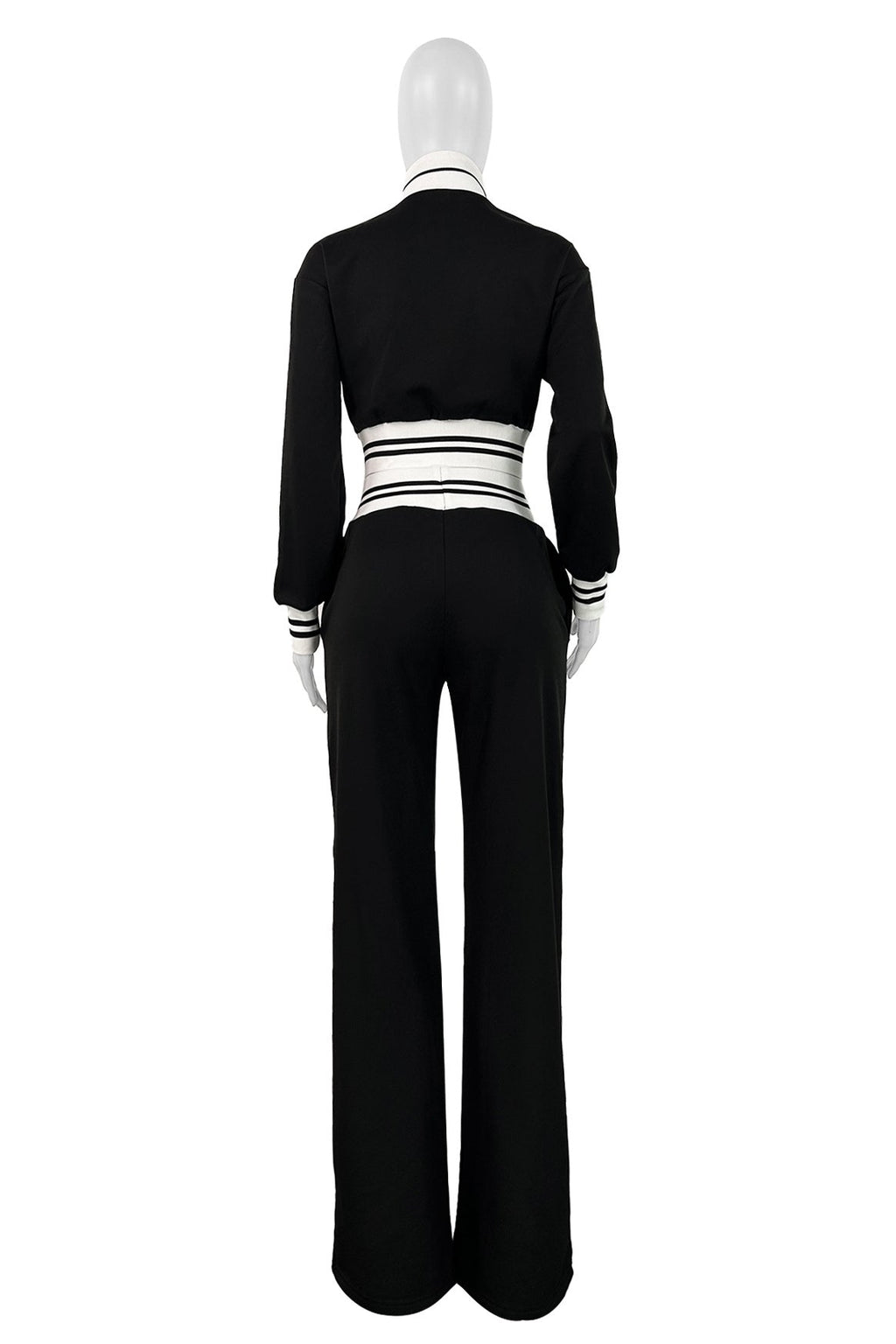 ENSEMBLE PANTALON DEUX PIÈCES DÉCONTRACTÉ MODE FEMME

--------------------

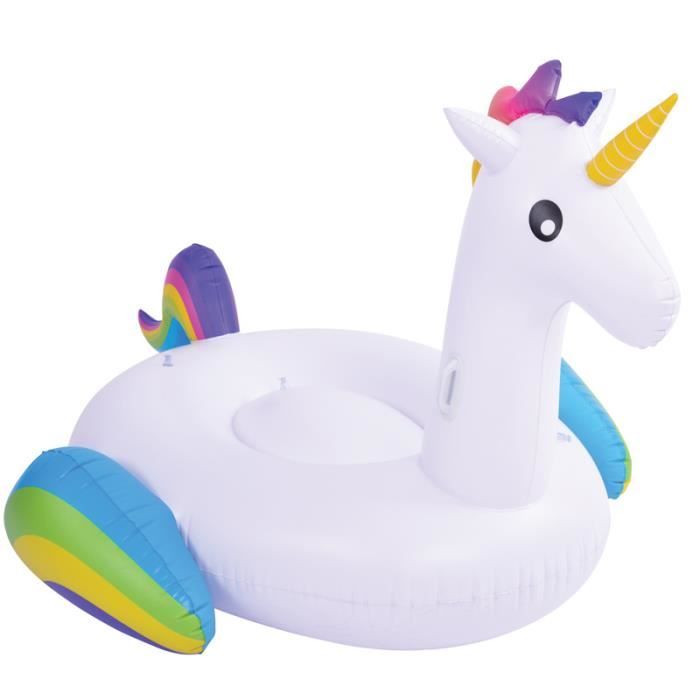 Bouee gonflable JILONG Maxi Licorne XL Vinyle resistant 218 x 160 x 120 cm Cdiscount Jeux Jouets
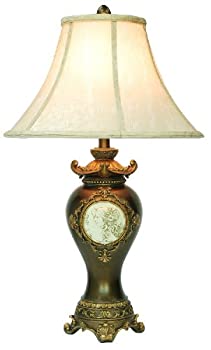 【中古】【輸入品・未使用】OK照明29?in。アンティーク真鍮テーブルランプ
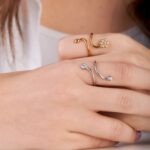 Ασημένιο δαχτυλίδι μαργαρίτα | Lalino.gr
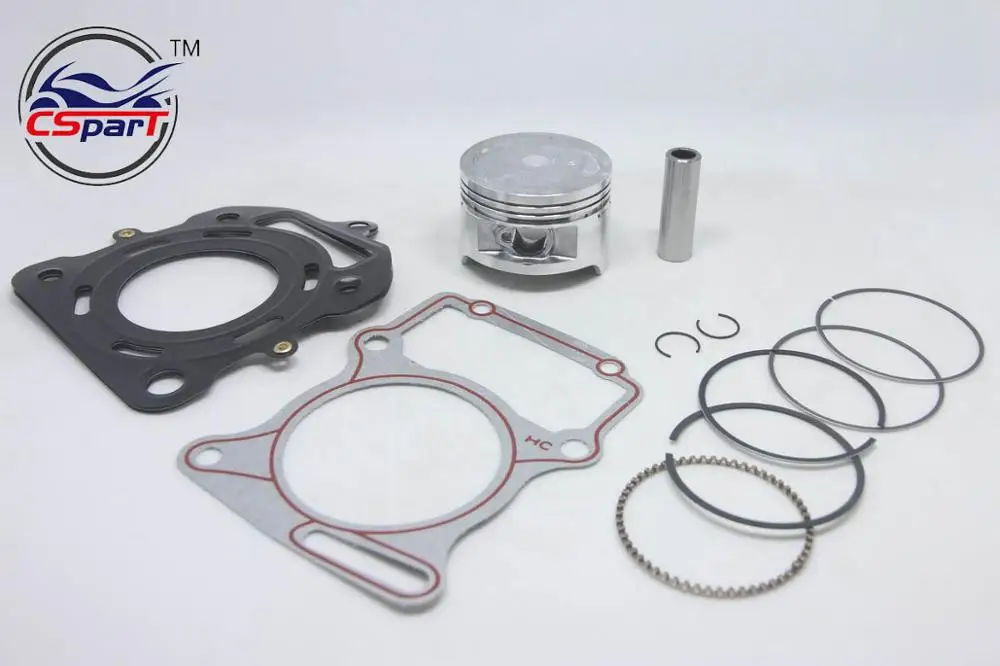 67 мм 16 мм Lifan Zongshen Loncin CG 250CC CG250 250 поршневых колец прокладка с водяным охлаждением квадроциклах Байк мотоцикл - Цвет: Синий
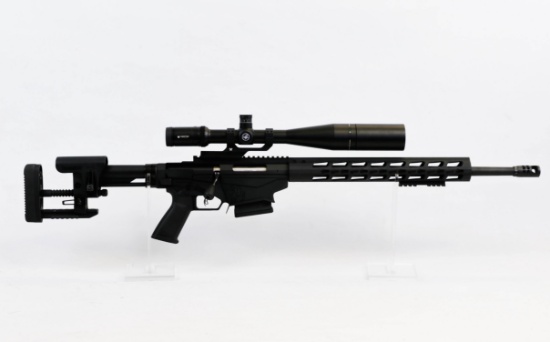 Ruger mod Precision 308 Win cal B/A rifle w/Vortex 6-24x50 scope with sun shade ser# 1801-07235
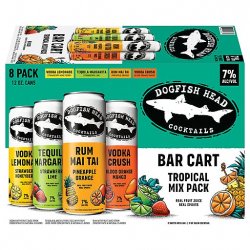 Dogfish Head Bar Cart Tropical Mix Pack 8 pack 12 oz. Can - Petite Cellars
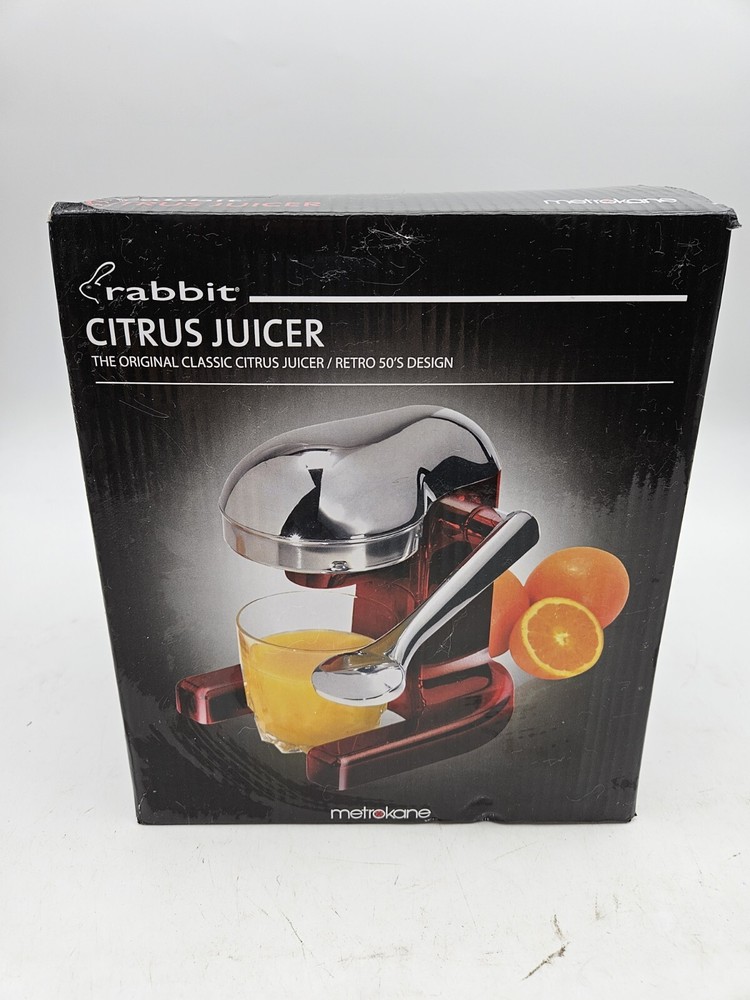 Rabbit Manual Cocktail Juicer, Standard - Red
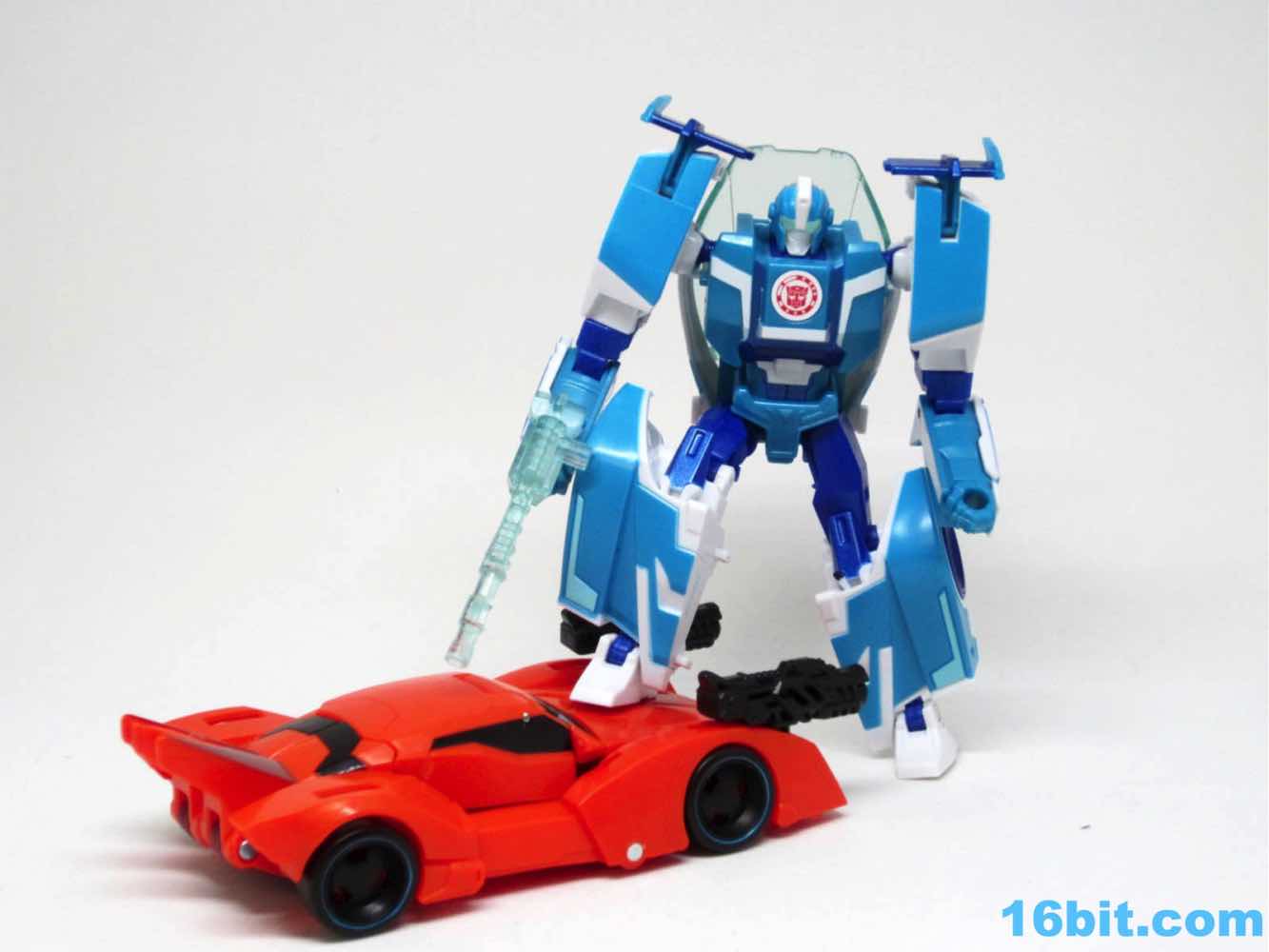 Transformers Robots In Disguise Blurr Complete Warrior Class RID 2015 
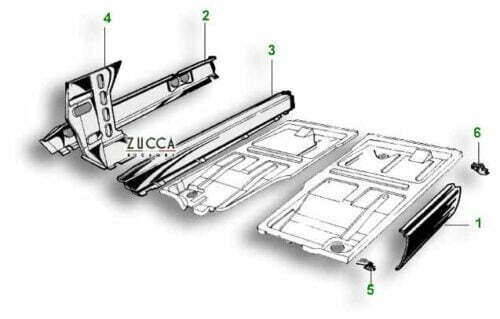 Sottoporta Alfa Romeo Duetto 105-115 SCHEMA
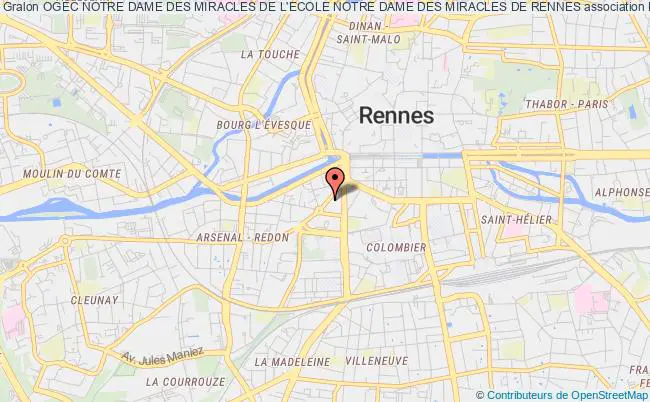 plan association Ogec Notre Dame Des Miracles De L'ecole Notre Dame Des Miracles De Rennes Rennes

--------------------

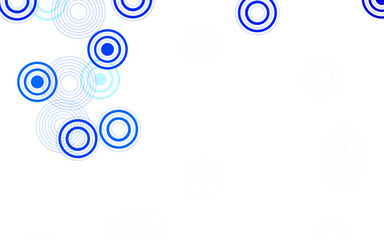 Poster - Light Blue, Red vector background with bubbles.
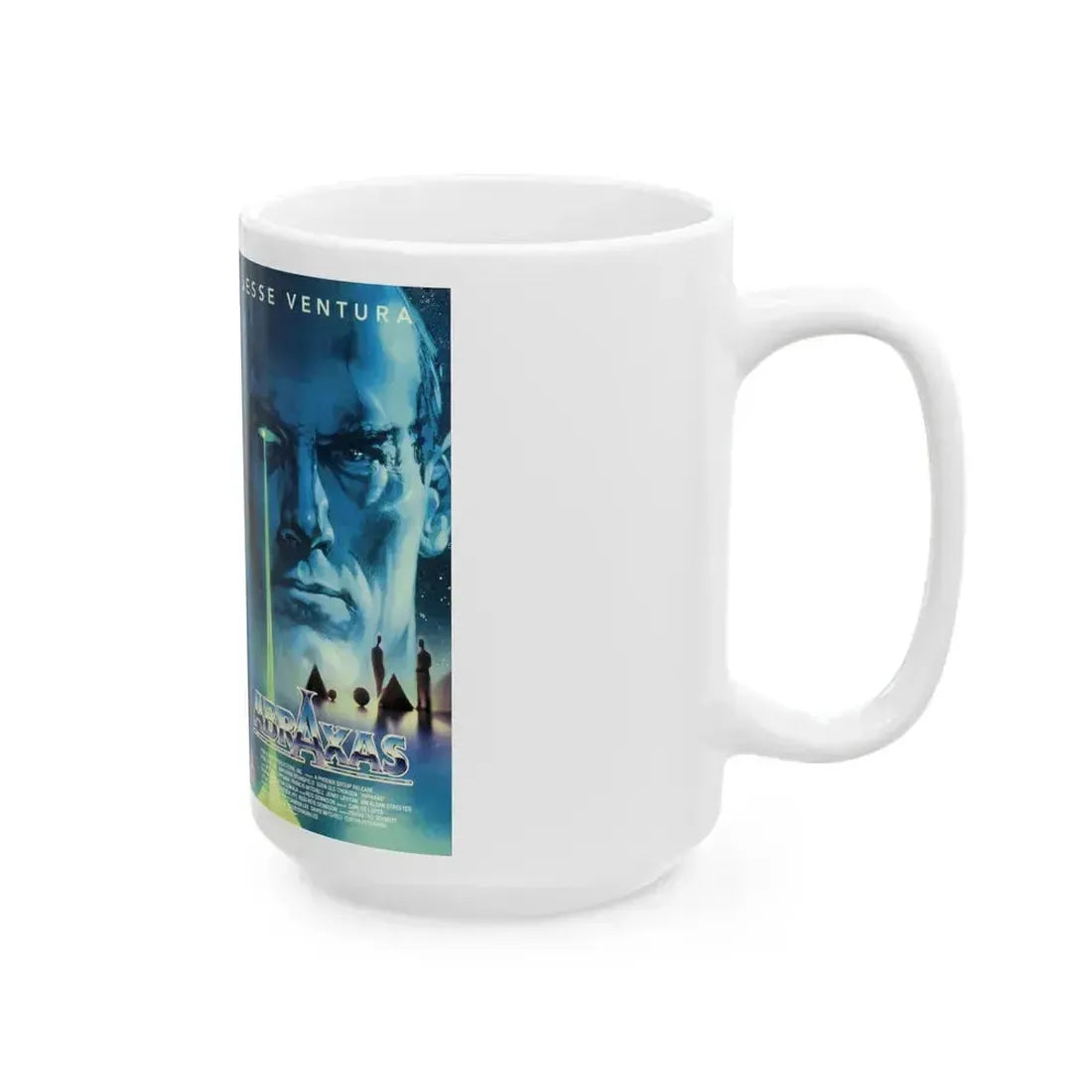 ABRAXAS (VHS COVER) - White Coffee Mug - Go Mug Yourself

--------------------

REQUIREMENT: To complete this exercise, transcribe exactly the lines above from the one that holds "Sottoporta Alfa Romeo Duetto 105-115 SCHEMA" through the one that holds "plan association Ogec". Pictures stay out.

RESPONSE TO THIS EXERCISE:
 Sottoporta Alfa Romeo Duetto 105-115 SCHEMA
 plan association Ogec Notre Dame Des Miracles De L'ecole Notre Dame Des Miracles De Rennes Rennes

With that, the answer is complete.